When the VBL task is executed, it examines a global flag which indicates whether
the cursor has already been changed to a watch. If the flag is false, the task saves the
current cursor, changes the screen cursor to a watch, and sets the flag. Then it
restores the counter field in the VBL queue element so that the element will not be
dequeued.
The GetNextEvent hook code restores the VBL task's timer value, and, if the VBL
task changed the cursor from a non-watch to a watch (indicated by the global flag set by
the VBL task), restores the original cursor.
In simplest terms, every time GetNextEvent is called it says to the Vertical
Retrace Manager, "Whoa! The application is not busy! Restart your countdown." The
Vertical Retrace Manager, each 60th of a second, decrements the counter; if it has
reached zero, that means GetNextEvent has not been called since the countdown last
started, implying a busy application which needs a watch cursor: the VBL task is
executed and changes the cursor.
There are a couple of minor complications. The GetNextEvent hook code cannot
just do an InitCursor (which makes the cursor an arrow), because the pre-watch
cursor may not have been an arrow. But neither can it blindly restore whatever
cursor the VBL task saved. Consider this example: the application calls DIBadMount to
initialize a disk. DIBadMount changes the cursor to a watch as it starts to format the
disk. Shortly thereafter, the VBL task countdown reaches zero, and the VBL task saves
the current cursor (a watch!) and sets the cursor to a watch - superfluous, but no
harm done. When the disk format completes, DIBadMount does an InitCursor, and
returns to the application. The application calls GetNextEvent. Now our GetNextEvent
hook sees the flag set by the VBL task indicating that the VBL task saved the old cursor
and changed the cursor to a watch; so GetNextEvent restores the old cursor. No good!
We've restored to a watch when we don't want a watch. To avoid this, the GetNextEvent
hook looks at the cursor saved by the VBL task; if it's a watch, it doesn't restore it.

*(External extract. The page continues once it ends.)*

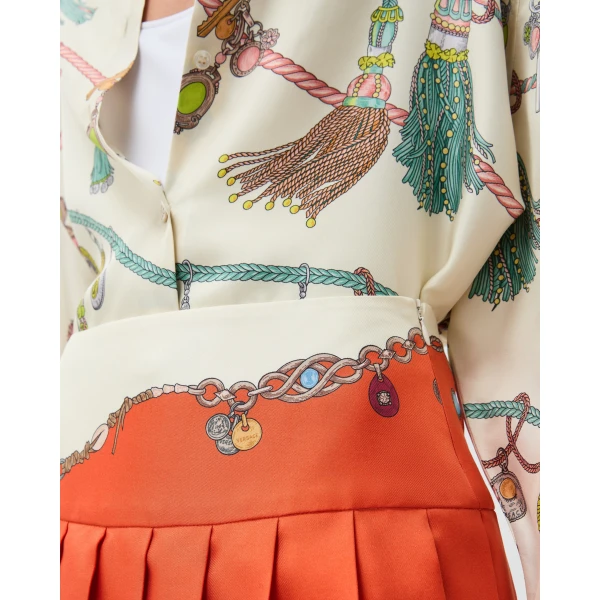 Versace Printed Twill Silk Midi Skirt in Orange, view 5 | Midi Skirts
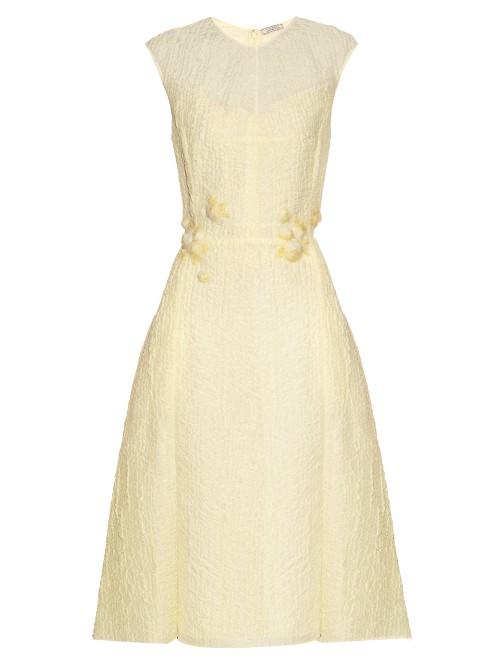 Nina Ricci Floral-embellished Silk-blend Cloqu Dress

Also, there are times when GetNextEvent is not called, but nonetheless it would
be inappropriate to change the cursor to a watch: when the mouse is being tracked by,
e.g., the Menu Manager or the Control Manager. If the user dawdles while he has a menu
pulled down, we can't change the cursor just because GetNextEvent is not being called.
So, the VBL task will not change the cursor if the mouse button is down.
The time period used to initialize the VBL counter is application-dependent.
About half a second works pretty well with an application I recently implemented. If
the period is too short, the cursor will too-often toggle to a watch and back in a
distracting way. If the period is too long, then the user will not be promptly informed
that the application is busy, and the change of the cursor to a watch will seem unrelated
to the preceding user action which initiated the time-consuming process.
My implementation of AutoWatch in MDS Assembler is shown in Figure 1. This
implementation will not work under Switcher.
Move Low
The 128K ROM has a new feature with regard to the loading of CODE segments. If
a CODE resource does not have the resLocked attribute, then the Segment Loader will
load that segment as high as possible in the heap. The idea is that up at or near the top
of the heap, it will be "out of the way" and not contribute to heap fragmentation.
However, this can be a problem with CODE 1, the code segment which is loaded
first and which is usually the main segment of the application. Upon loading, the
Segment Loader will lock it, regardless of the resLocked attribute, as it does for all
segments. It will remain locked until the applicaton unloads it - but most applications
don't unload CODE 1. If CODE 1 does not have the resLocked attribute (which it will not
if generated by, e.g., the Consulair Linker), it will be loaded high in the heap - the
initial heap before any heap expansion has occurred. Since almost all applications
expand the heap either explicitly or implicitly, the new Segment Loader feature is
effectively a "load in middle" for CODE 1.